April 27, 2010 | 10:26 am

The state’s plan to make some quick cash by selling off office buildings and other properties then lease them back would cost taxpayers a bundle over the long haul, according to a new state report.

The nonpartisan Legislative Analyst's Office said Tuesday that selling off buildings, including the Ronald Reagan State Building in downtown Los Angeles, to help close a budget shortfall would merely create new debt -- about $200 million per year.

The report called the proposal a “bad budgeting practice” and “poor fiscal policy.” “It simply shifts costs to future years,” the report said.

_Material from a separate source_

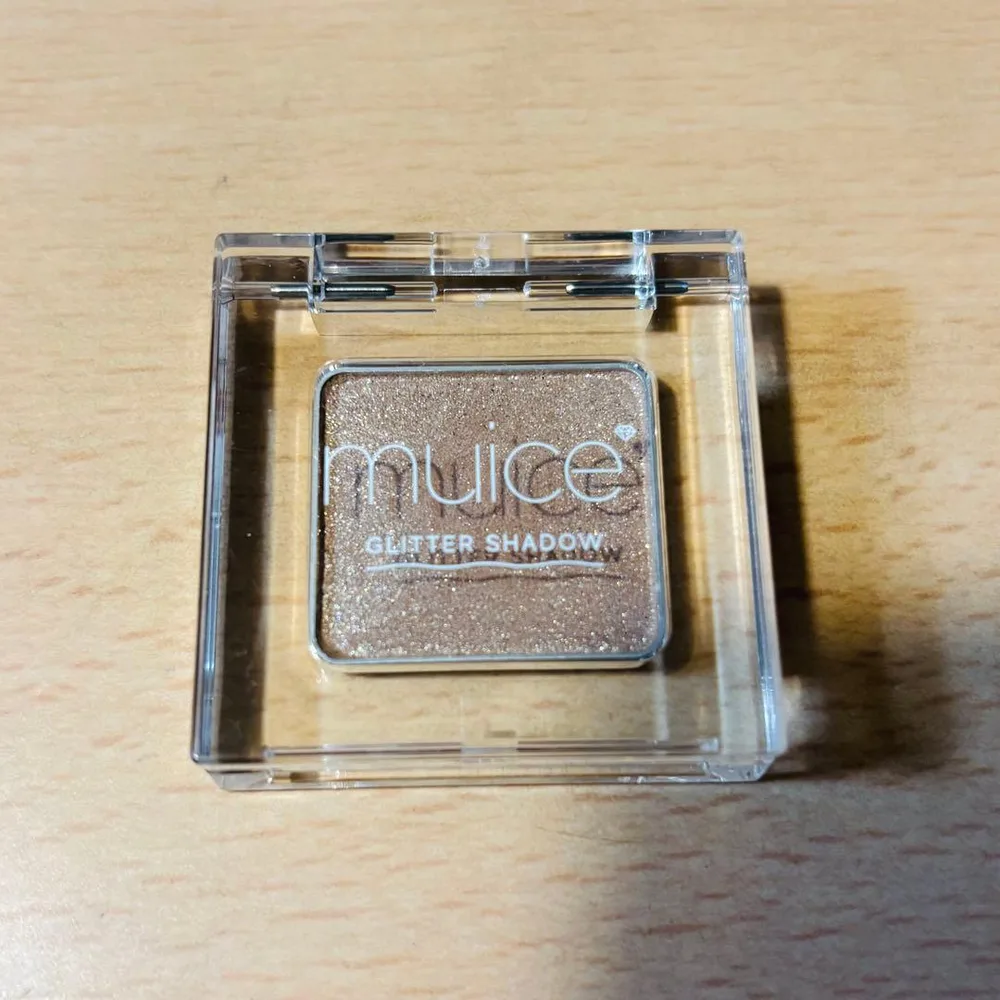 muice ミュアイス うるみオンアイズ 02 クリスタルヴェール アイシャドウ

Gov. Arnold Schwarzenegger has proposed selling 24 buildings at the 11 properties to pay down $598 million of the state’s roughly $20-billion general fund deficit. Investors began bidding on the buildings last week. The sale has come under increased scrutiny, with the governor removing critics of the plan from state building commissions that would oversee it.

The state Assembly has called an oversight hearing Wednesday for the proposed sales.

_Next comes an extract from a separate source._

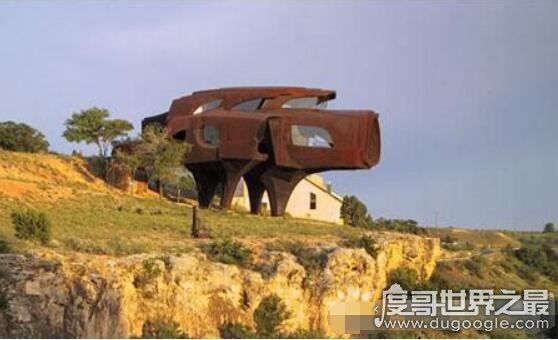 世界十大奇葩建筑，150米乒乓球大厦彰显世界霸主地位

Schwarzenegger defended the plan last week, saying he was "not crazy and doing a fire sale."

“I can guarantee you that I will never sell state property if it doesn't make any sense from an investment point of view,” he said, touting himself as “one of the few Hollywood celebrities that doesn't owe any taxes, is not bankrupt, doesn't have to do the next movie, the next five movies, so I can pay my bills or anything like that.”

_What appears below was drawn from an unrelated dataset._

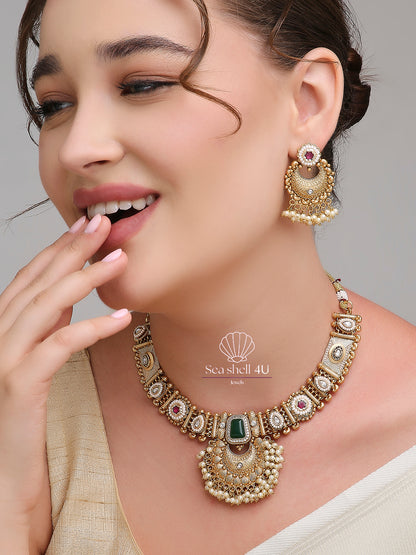 Antique Gold Brass Premium & Elegant Necklace For Women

California’s budget shortfall is so large, with so few good choices, that the nonpartisan LAO stopped short of urging the outright rejection of the sale, saying that if the properties could fetch the state closer to $1.4 billion to close the deficit, it would be “one imperfect option among many.”

The LAO called for an outright rejection of the sale if it netted closer to the $598 million the governor’s office has estimated. The governor, in his press conference last week, said he was not wedded to continuing the sale “if it doesn't pencil out.”

“We understand that now is the best time to buy, but not a good time to sell. That's common sense,” he said. “So the California people can rest assured that we will take care of that. We will make a wise investment.”